In view of the very great importance of this question, does not the right hon. Gentleman think that a very good case could be made out for the establishment of a Royal Commission to investigate the activities of the Communist Party, and cover organisations? In the light of the statement which he has just made, and of the general post that is to take place, may I ask which party the Communist sympathisers in the Socialist Party will be expected to join?

The Prime Minister

I do not think there is any need for a Royal Commission.

Major Beamish

What about the second part of my question?

Mr. Cobb

Will my right hon. Friend say who is going to judge in this? Would it not be preferable for a small tribunal, with some outside representation on it, to do the job, to make sure that the thing is as fair as it possibly can be?

The Prime Minister

No, Sir. I think experienced persons can make this judgment. Ministers must take responsibility for their Departments for any matters raised.

Mr. Cocks

Regarding the fighting Services, will my right hon. Friend remember that Roman Catholics defeated the Spanish Armada, sent against us by the Pope? Will he also remember that reports from M.I.5 are not always reliable?

Mr. Henry Strauss

Will the right hon. Gentleman bear in mind that some of the security considerations he mentioned will also apply to certain bodies not directly controlled by His Majesty's Government, such as the B.B.C., and will he consider very carefully whether what he has said in regard to the Civil Service should not also apply to the B.B.C.?

The Prime Minister

That is obviously the responsibility of the Governors of the B.B.C. We are dealing with those in the service of the State.

Mr. Piratin

Is the right hon.
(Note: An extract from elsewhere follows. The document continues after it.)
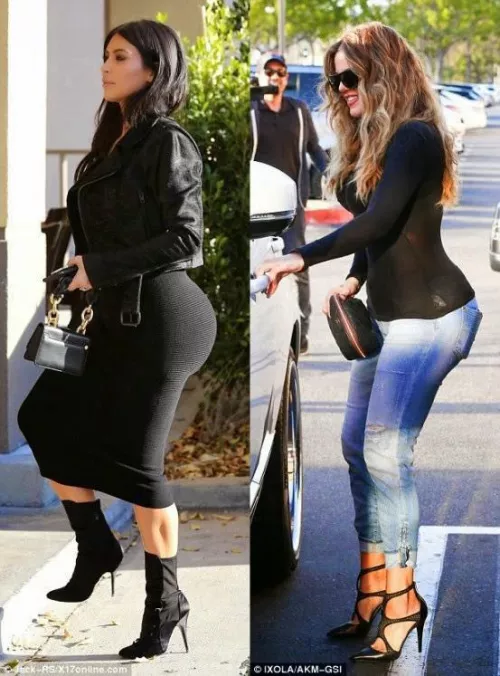 Kim or khloe?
Gentleman aware that, though he claims that this statement is made on the grounds of security, it will be recognised in the country by the workingclass as a measure of political discrimination against the Communist Party, to blacken the name of the Communist Party in the eyes of all progressive forces in this country? In view of the importance of this statement, will the Prime Minister consider giving a day, or some suitable time, for a Debate on the matter on the Floor of the House?

The Prime Minister

The latter part of that supplementary question should be put to my right hon. Friend the Leader of the House. As regards the first part, I think the hon. Member is quite mistaken. I think the workers of the country are very well aware now, from events abroad and events here, of what the Communist Party stand for.

Sir Ian Fraser

In applying the restriction in the Government service, and as far as it affects the B.B.C. and the country generally, will the right hon. Gentleman advise that it shall be kept within the very narrow limits related strictly to security? Otherwise, does he not think that it is an unaccustomed and difficult course on which he may be embarking?

Mr. Piratin

And undemocratic.

The Prime Minister

I think I made it abundantly clear in my statement that this was restricted to very narrow limits where security matters were of importance.

Mr. W. R. Williams

Will the Prime Minister assure the House that he is himself satisfied of the loyalty of the overwhelming majority of the Civil Service of this country?

Major Beamish

And of his own party.

The Prime Minister

Certainly, I think Communists everywhere are in a very small minority, and in the Civil Service likewise.